• _Exercise_: Leaving the pictures aside, transcribe only and exactly the lines from the one with "獪岳 [鬼滅の刃(DEMON SLAYER)]" through the end of the entries, both included.

*** Entries supplied ***

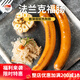 柏納夫（BAHNHOF）法蘭克福香腸德式熱狗腸德國香腸烤腸肉腸早餐腸西餐廳酒店商用 【更劃算】法蘭克福腸1kg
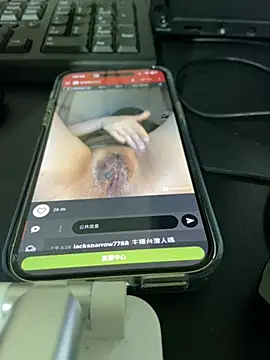 Snapshot of Funkoldbaby chatting on 03-08-26, 09:29 Funkoldbaby online show from 03-08-26, 09:29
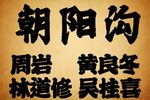 朝阳沟下载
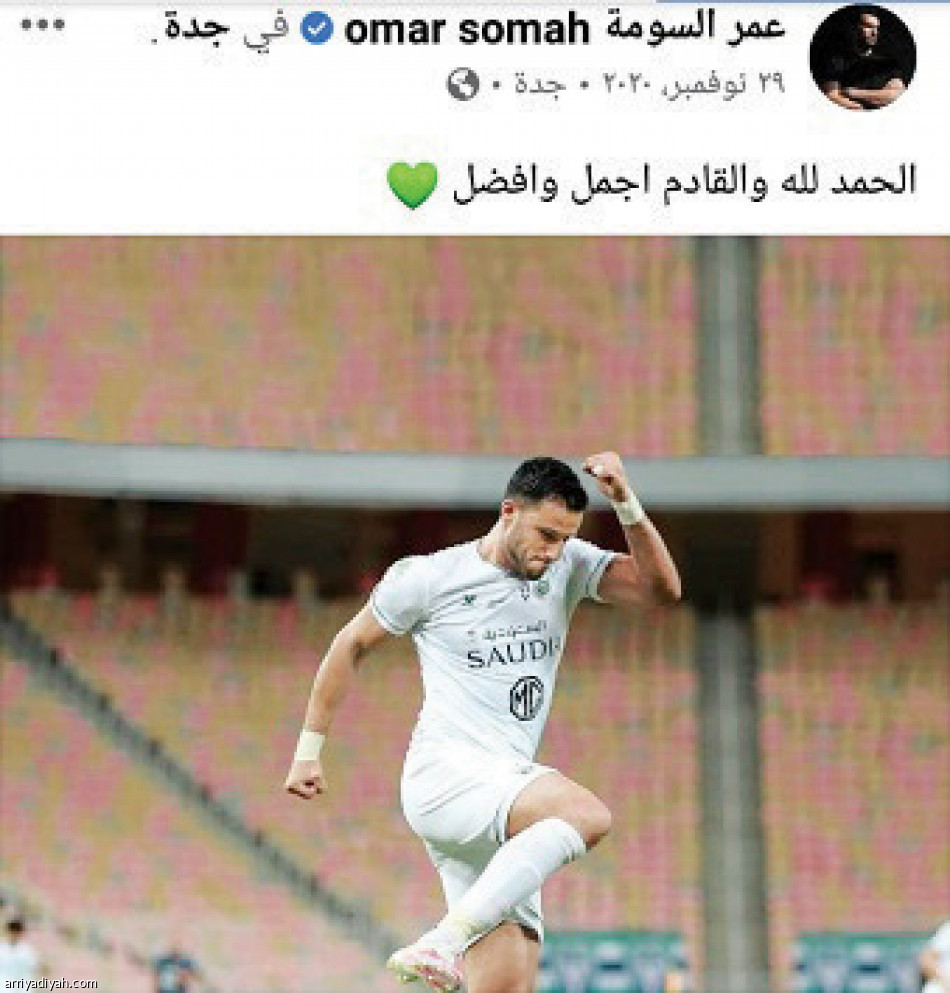 أجانب الديربي..
2.1 مليون متابع بعد آخر مواجهة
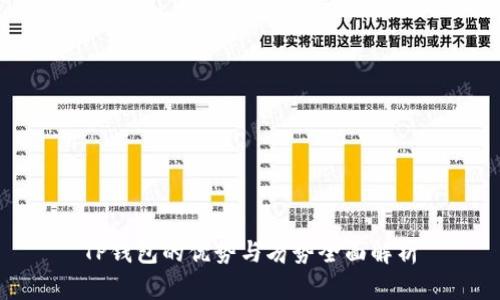TP钱包的优势与劣势全面解析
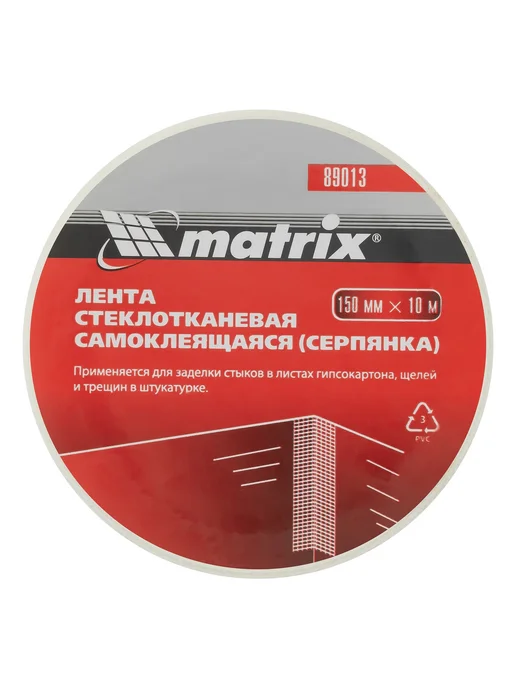MATRIX, Серпянка строительная самоклеящаяся, 150 мм x 10 м, 10 м, фото 4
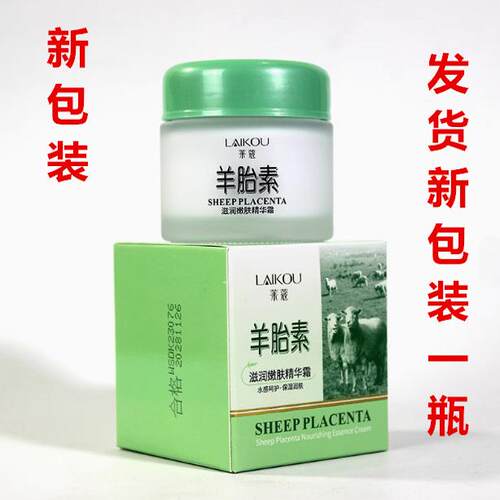 包邮莱蔻LAI COM羊胎素滋润嫩肤精华霜(原锁水抗皱营养霜）面霜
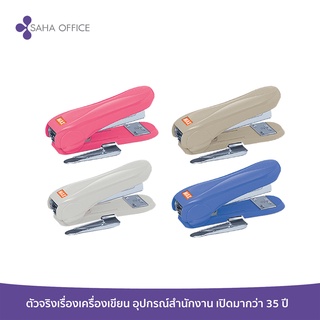 เครื่องเย็บกระดาษ MAX HD-50R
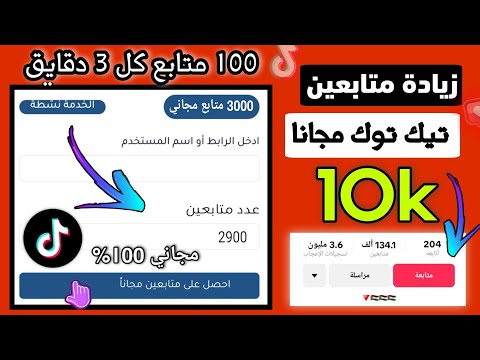 زيادة متابعين تيك توك مجانا 2025 رشق 1000 متابع تيك توك مجاني في 3 دقايق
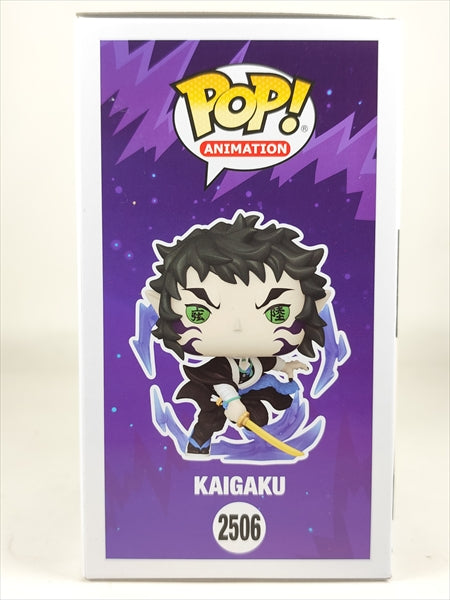 獪岳 [鬼滅の刃(DEMON SLAYER)] FUNKO(ファンコ) POP! ANIMATION 2506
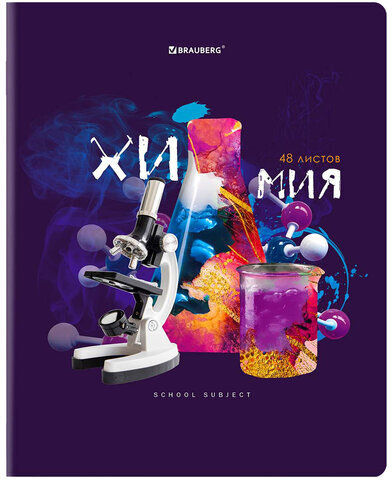 Тетради предметные со справочным материалом, КОМПЛЕКТ 10 ПРЕДМЕТОВ, ORIGINAL, 48 л., TWIN лак, BRAUBERG, 404328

*** End of Entries supplied ***

• _Answer section_:
 獪岳 [鬼滅の刃(DEMON SLAYER)] FUNKO(ファンコ) POP! ANIMATION 2506
 Тетради предметные со справочным материалом, КОМПЛЕКТ 10 ПРЕДМЕТОВ, ORIGINAL, 48 л., TWIN лак, BRAUBERG, 404328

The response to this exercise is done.